(Records provided begins)

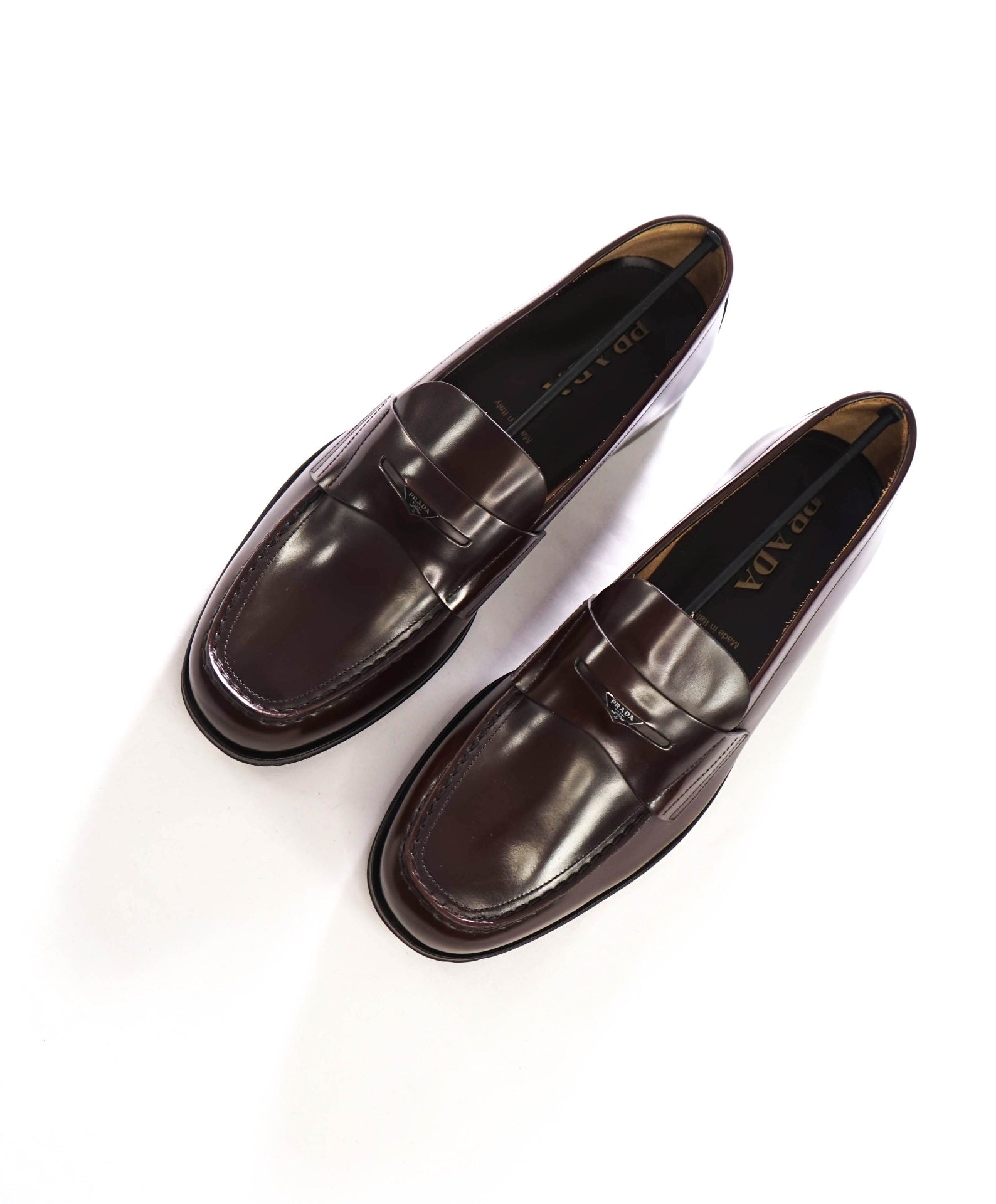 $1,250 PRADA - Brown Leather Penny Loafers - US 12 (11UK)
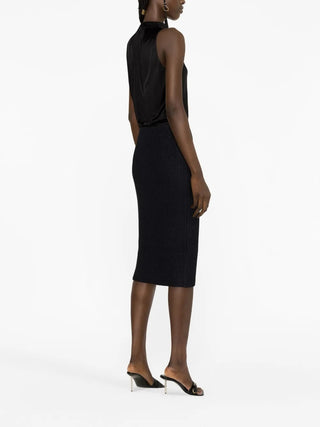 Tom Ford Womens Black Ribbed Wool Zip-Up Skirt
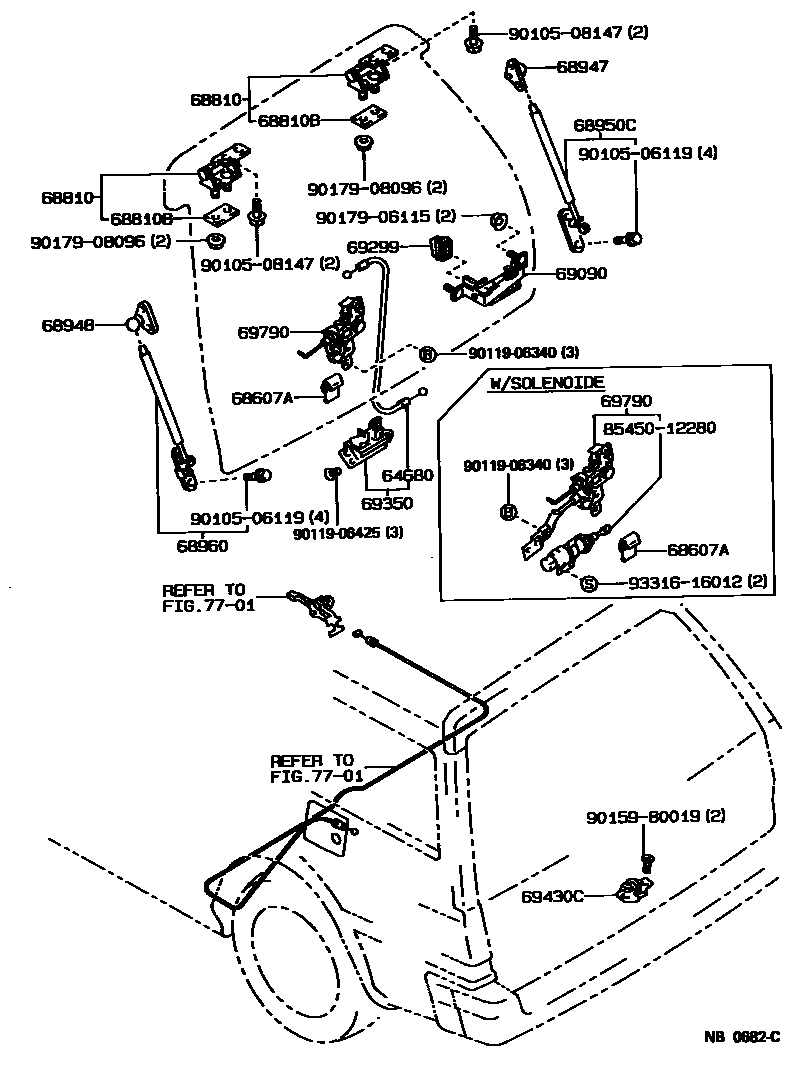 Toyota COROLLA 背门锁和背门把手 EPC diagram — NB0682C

(Records provided ends)
(Records provided begins)

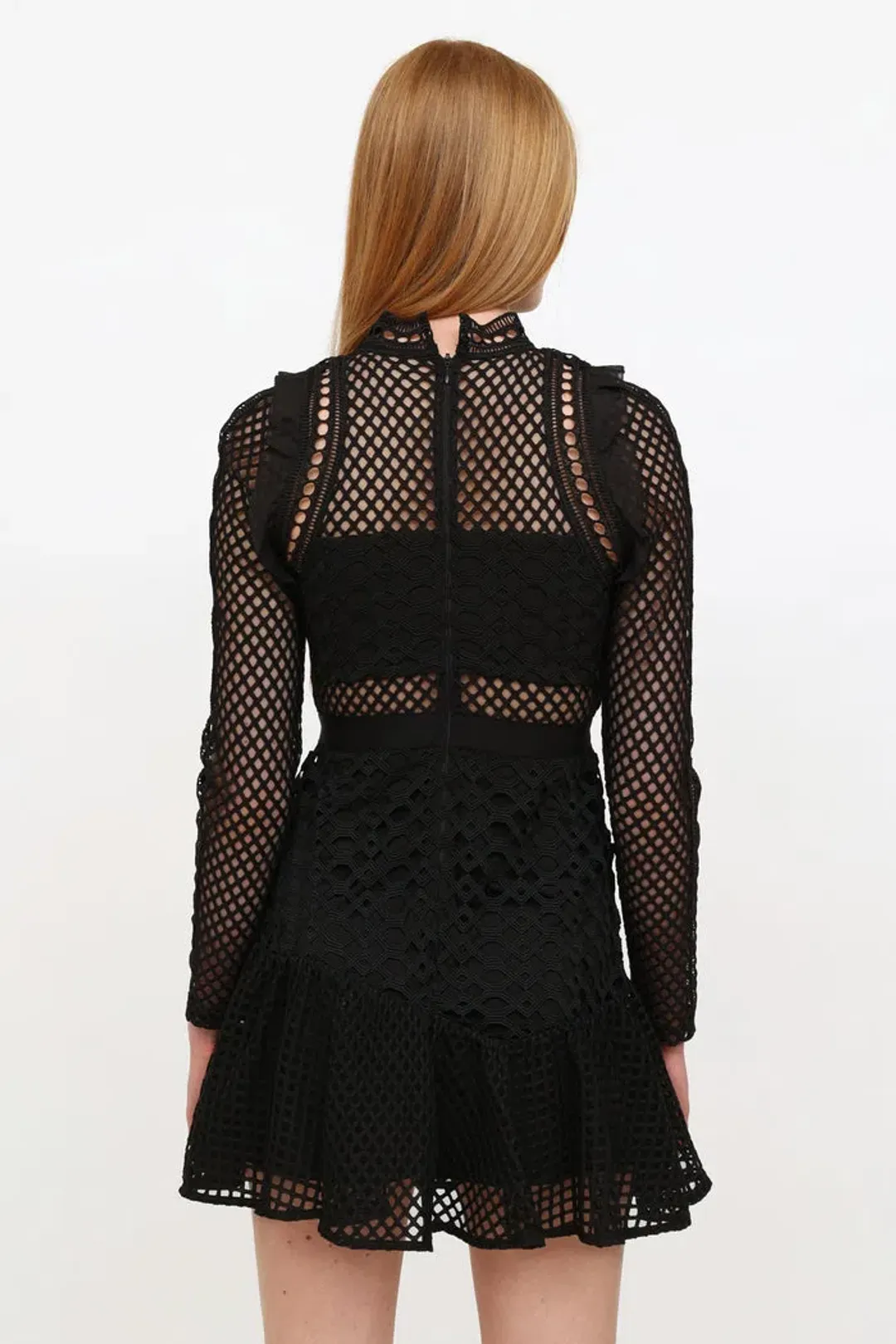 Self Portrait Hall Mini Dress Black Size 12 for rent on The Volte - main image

(Records provided ends)
(Records provided begins)

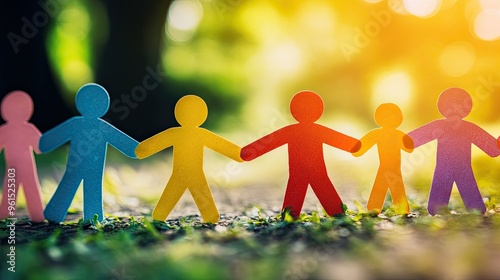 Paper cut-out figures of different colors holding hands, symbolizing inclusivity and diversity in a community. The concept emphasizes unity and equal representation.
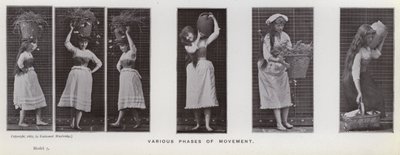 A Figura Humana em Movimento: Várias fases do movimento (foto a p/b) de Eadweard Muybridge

(Records provided ends)

### [Aim of the task]
Look through the listing above for the line with "US 12 (11UK)" and the line with "Toyota COROLLA 背门锁和背门把手". Write out exactly those lines and everything between, leaving out pictures.

### [Exercise response]
 $1,250 PRADA - Brown Leather Penny Loafers - US 12 (11UK)
 Tom Ford Womens Black Ribbed Wool Zip-Up Skirt
 Toyota COROLLA 背门锁和背门把手 EPC diagram — NB0682C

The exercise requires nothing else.